Senator of the College of Justice
- In office 1992–2007
- Nominated by: John Major As Prime Minister
- Appointed by: Elizabeth II
- Succeeded by: Lord Malcolm

Personal details
- Born: John Alastair Cameron 1 February 1938 (age 88)
- Spouse: Elspeth Miller
- Education: Pembroke College, Oxford
- Profession: Advocate

= Alastair Cameron, Lord Abernethy =

Scottish lawyer

John Alastair Cameron, Lord Abernethy, PC (born 1 February 1938) is a Scottish lawyer, and a former Senator of the College of Justice, a judge of the country's Supreme Courts, serving from 1992 to 2007, when he retired. He was a member of the English Bar before moving to the Scottish Faculty of Advocates, where he served as vice-dean from 1983 to 1992.

==Early life==
Cameron was educated at the Clergy School, Khartoum, St. Mary's School, Melrose, and Trinity College, Glenalmond. He undertook National Service as a Second Lieutenant with the Royal Army Service Corps from 1956 to 1958, and then studied at Pembroke College, Oxford.

==Legal career==
Cameron was called to the Bar at the Inner Temple in 1963, but moved to the Faculty of Advocates in 1966. He served as an Advocate Depute from 1972 to 1975, Standing Junior Counsel to the Department of Energy from 1976 to 1979 and Standing Junior Counsel to the Scottish Development Department from 1978 to 1979. He was appointed Queen's Counsel in 1979, and the same year became Director of Faculty Services Limited, the services branch of the Faculty of Advocates, and was its chairman from 1983 to 1989. He was Legal Chairman of the Pensions Appeal Tribunals from 1979 to 1992, serving in addition as President of the Tribunal from 1985. He was elected Vice-Dean of the Faculty of Advocates in 1983, serving until his appointment to the Bench.

In 1992, he was appointed a Senator of the College of Justice, a judge of the Court of Session and High Court of Justiciary, Scotland's Supreme Courts, with the judicial title, Lord Abernethy, and promoted to the Inner House of the Court of Session in 2005, being appointed to the Privy Council.
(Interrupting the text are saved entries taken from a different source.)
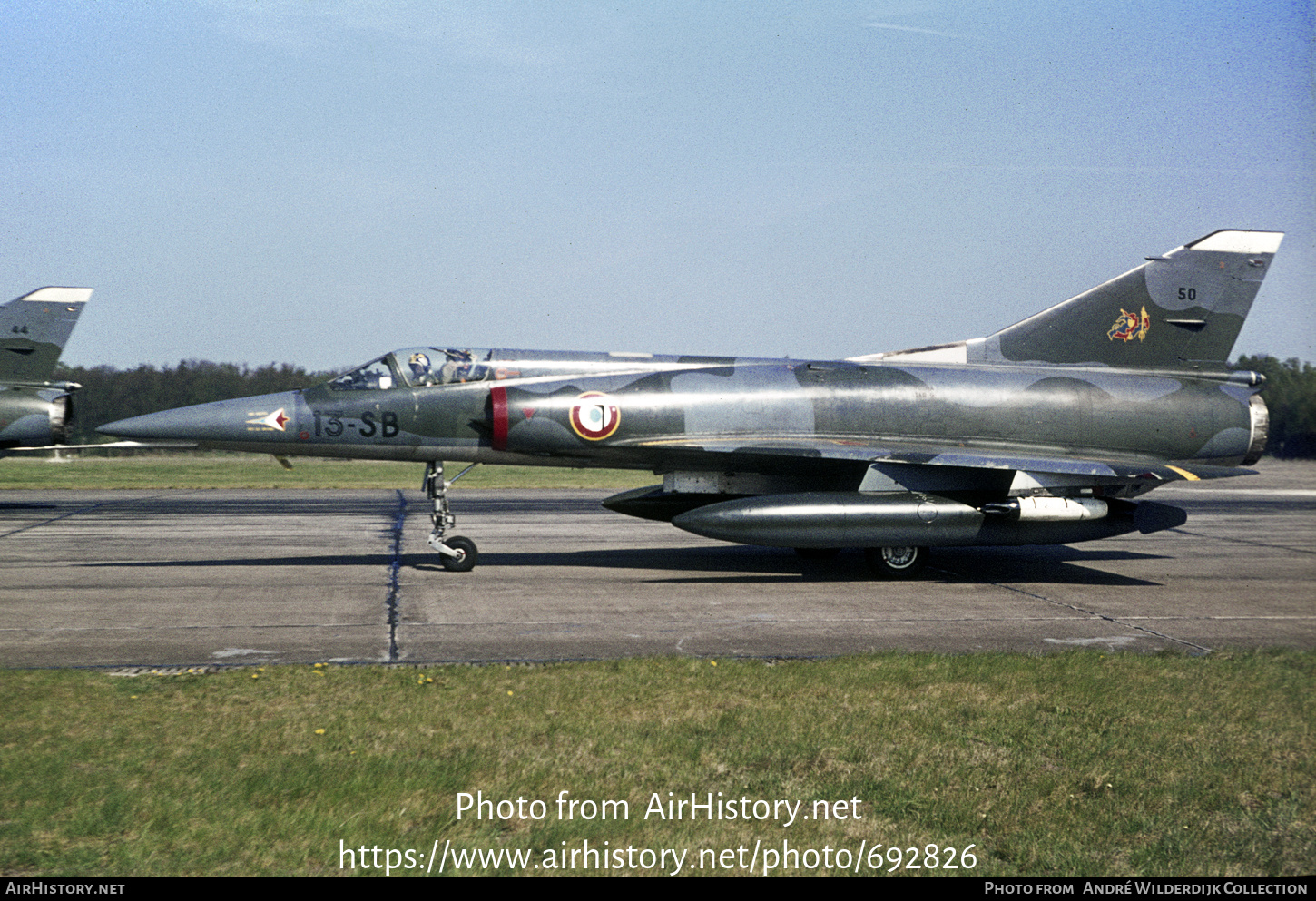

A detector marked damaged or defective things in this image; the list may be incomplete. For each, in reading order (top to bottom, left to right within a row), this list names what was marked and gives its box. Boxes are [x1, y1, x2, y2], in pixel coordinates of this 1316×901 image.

pavement crack [384, 489, 405, 662]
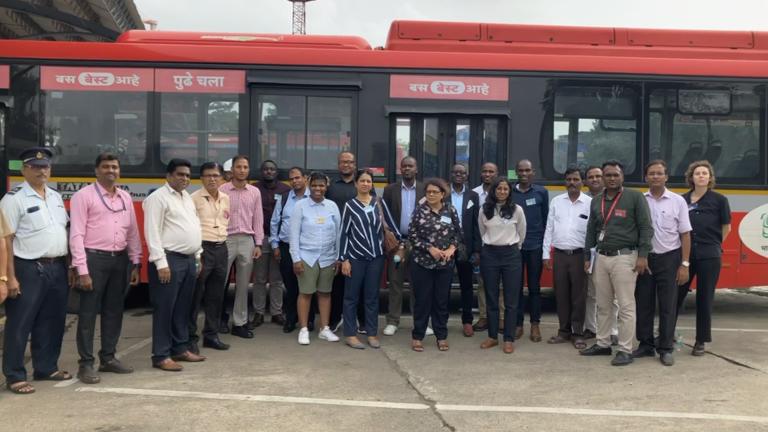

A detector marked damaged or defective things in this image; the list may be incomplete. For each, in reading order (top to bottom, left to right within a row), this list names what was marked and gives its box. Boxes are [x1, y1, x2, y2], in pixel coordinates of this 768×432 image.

pavement crack [378, 348, 456, 432]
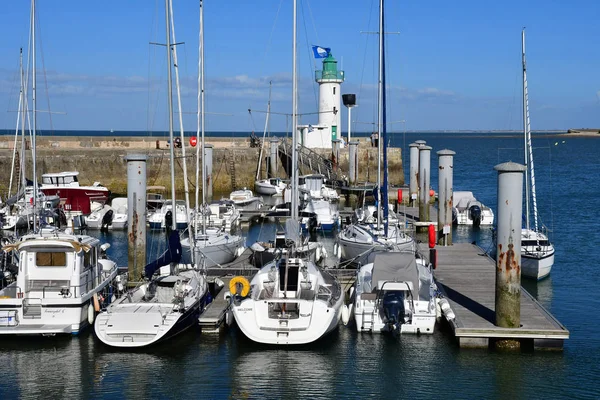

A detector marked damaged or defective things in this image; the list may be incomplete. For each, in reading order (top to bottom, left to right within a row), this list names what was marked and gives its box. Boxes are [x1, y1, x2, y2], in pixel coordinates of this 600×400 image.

rusty metal post [125, 153, 147, 284]
rusty metal post [436, 148, 454, 245]
rusty metal post [494, 162, 524, 350]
He was one of the four judges in the original Pan Am Flight 103 bombing trial.

He was vice-chairman of the Judges' Forum of the International Bar Association from 1993 to 1994, and chairman from 1994 to 1998. He then became a member of the Council of the IBA's Section on Legal Practice from 1998 to 2002, and of the Council of its Human Rights Institute from 1998 to 2000 and 2002 to 2005. He was the first President of the Scottish Medico-Legal Society, serving from 1996 to 2000. He is also the author of Medical Negligence: An Introduction (ISBN 978-0902023116).
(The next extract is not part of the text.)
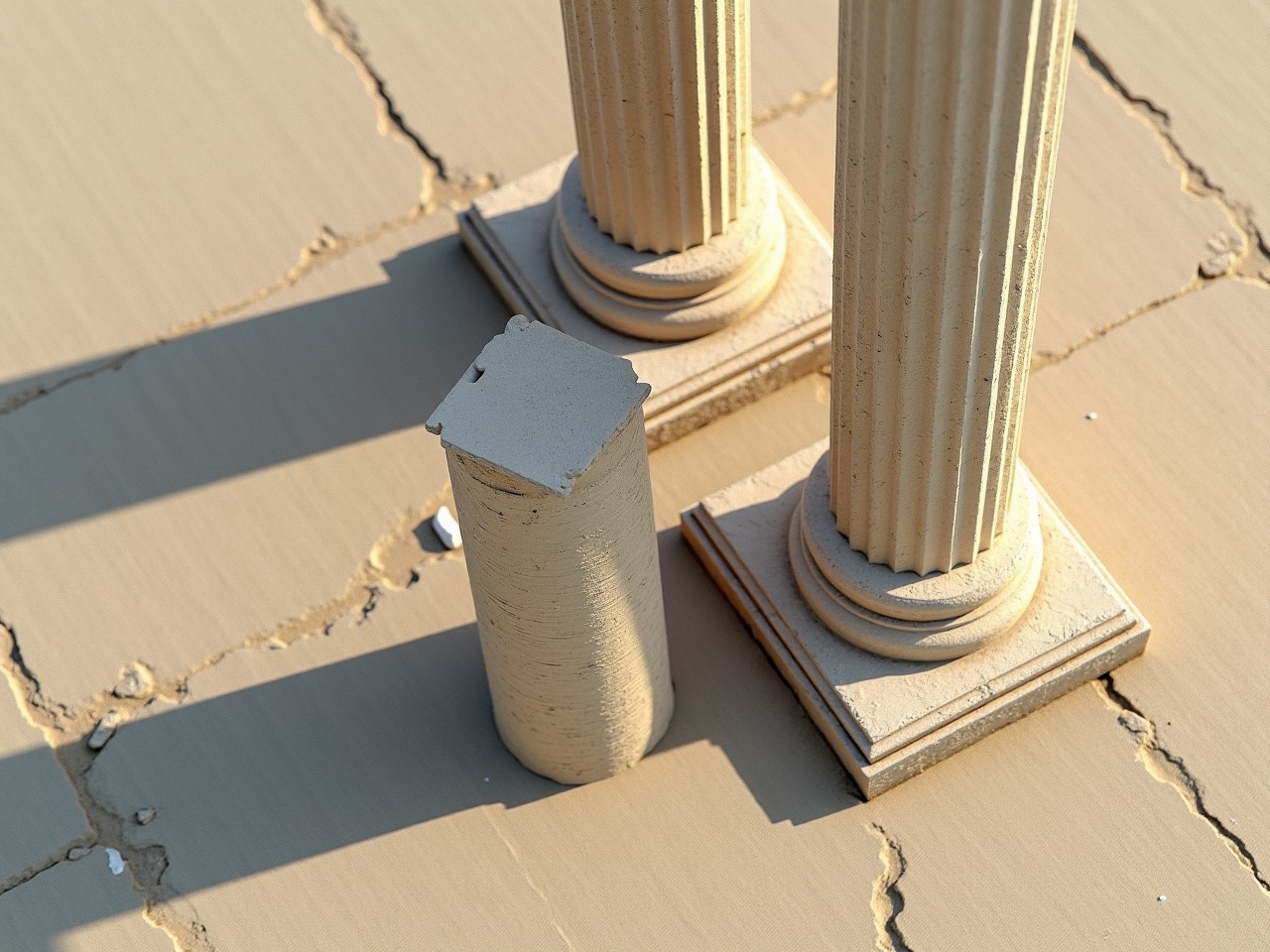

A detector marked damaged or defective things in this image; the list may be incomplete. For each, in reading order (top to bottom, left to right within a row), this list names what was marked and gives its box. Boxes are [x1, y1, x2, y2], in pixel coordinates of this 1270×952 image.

Lord Abernethy resigned as a judge in 2007, being succeeded in the Inner House by Lord Wheatley, whose seat in the Outer House was filled by the appointment of Colin Campbell, Lord Malcolm, former Dean of the Faculty of Advocates.

==Personal life==
Cameron married Elspeth Miller in 1968. They have three sons. His interests include travel, sport, nature conservation and Africana. He is an Honorary Fellow of Pembroke College, Oxford.